= AIM OF THE TASK =
Find the line containing "used 2023 Chevrolet" in the entries; transcribe it and all remaining lines through the end, exactly as they appear, but not the pictures.

--- AVAILABLE DATA Enclosed Below ---

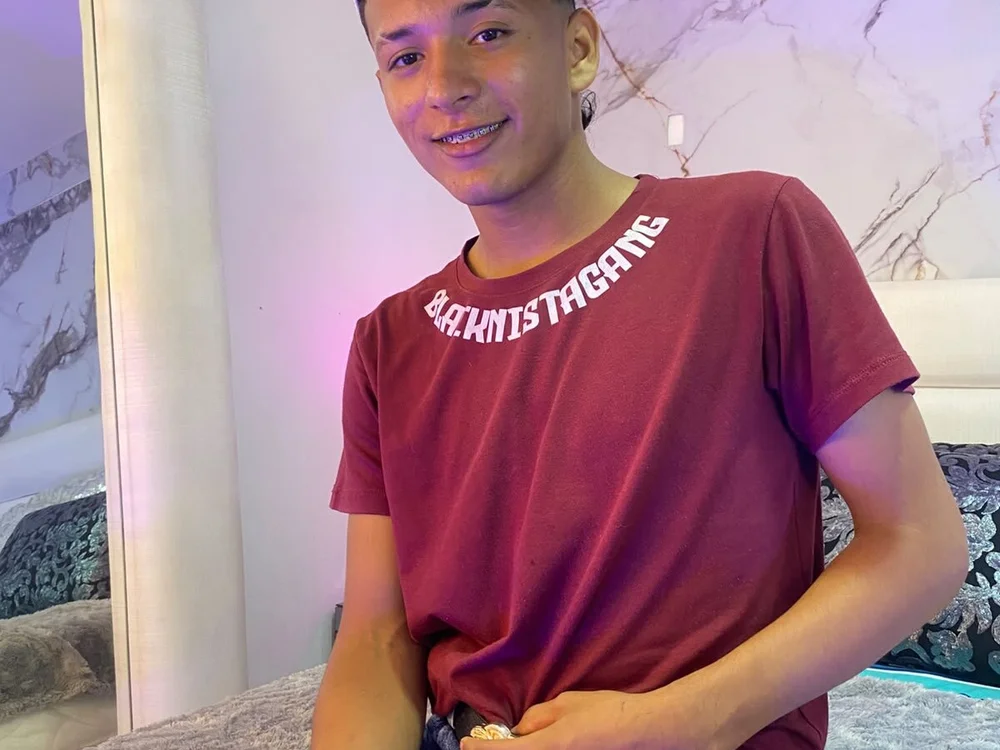 ThreeKingsLive Offline XXX-chat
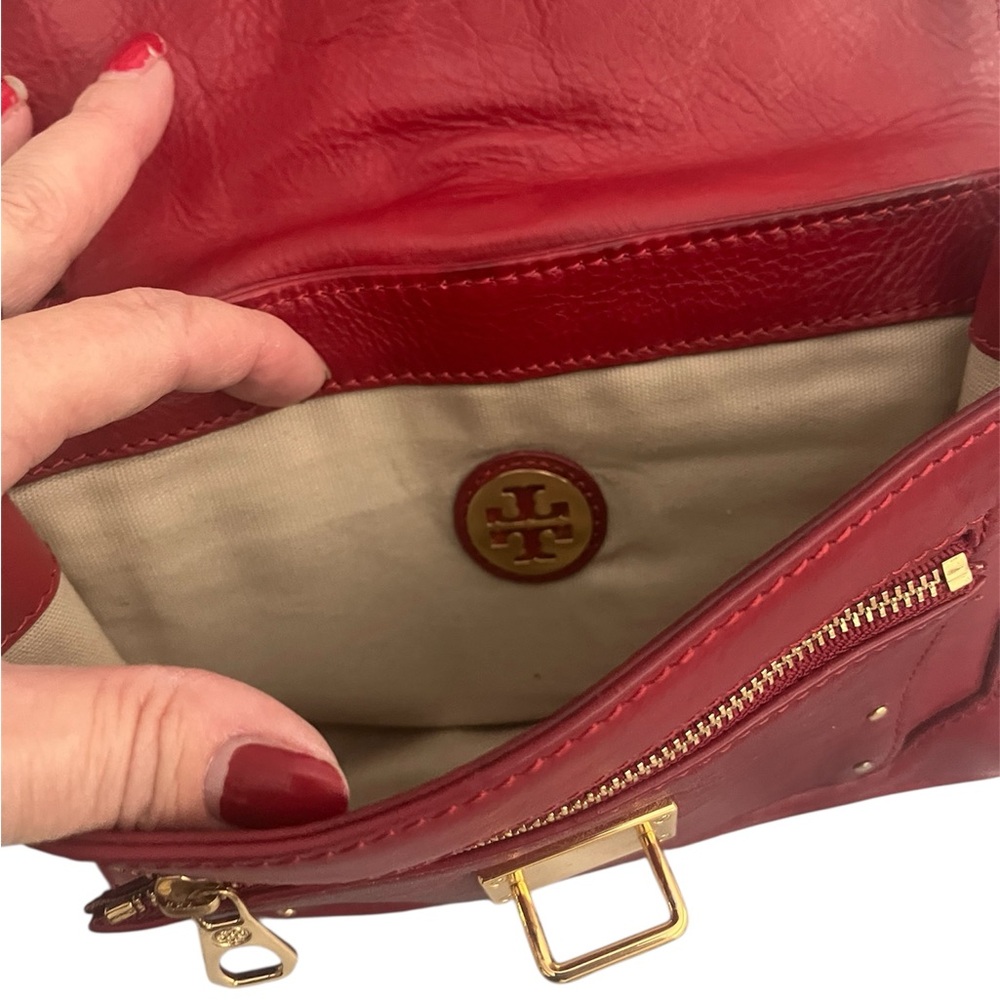 Tory Burch “Vivian” Wristlet / Clutch in Red Leather & Suede - c 2010’s - Picture 5 of 6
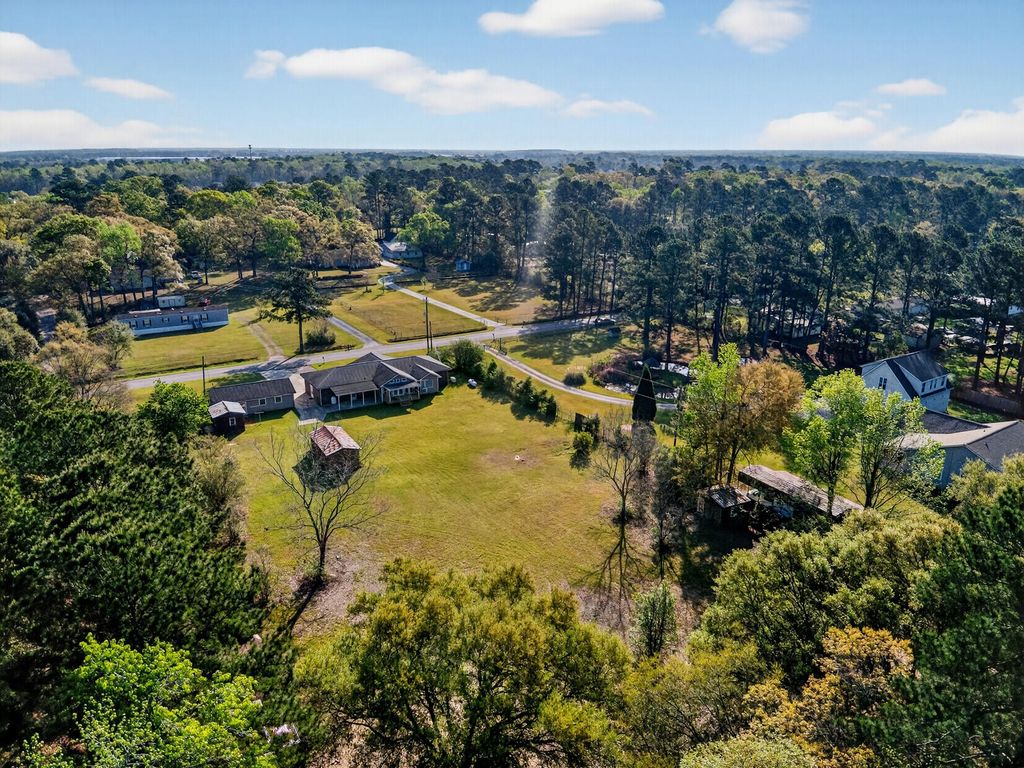 Photo of 436 Old Fort Drive, Ladson, SC 29456 (MLS # 26008751)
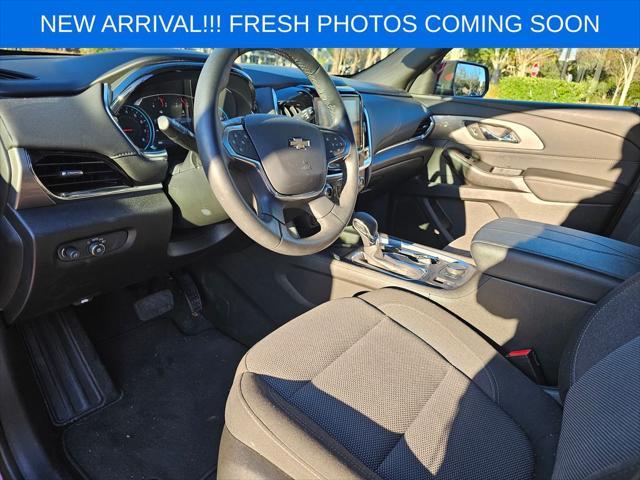 used 2023 Chevrolet Traverse car, priced at $31,950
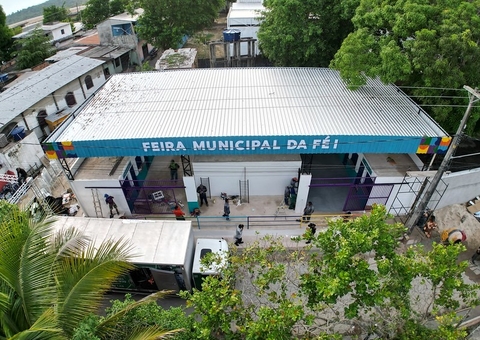 Primeira feira municipal do Colônia Antônio Aleixo é inaugurada nesta quinta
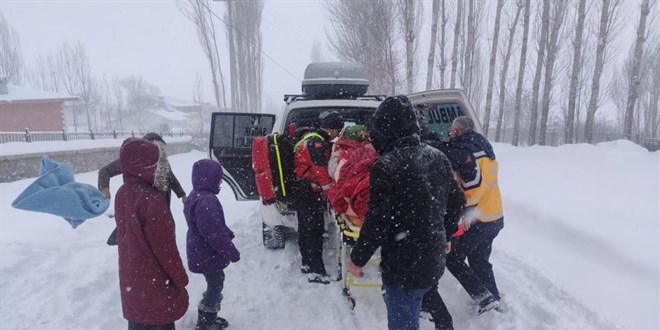 Karda 1 kilometre yürüyen sağlıkçılar hamile kadını hastaneye ulaştırdı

--- End of Enclosed AVAILABLE DATA ---

= EXERCISE RESPONSE =
 used 2023 Chevrolet Traverse car, priced at $31,950
 Primeira feira municipal do Colônia Antônio Aleixo é inaugurada nesta quinta
 Karda 1 kilometre yürüyen sağlıkçılar hamile kadını hastaneye ulaştırdı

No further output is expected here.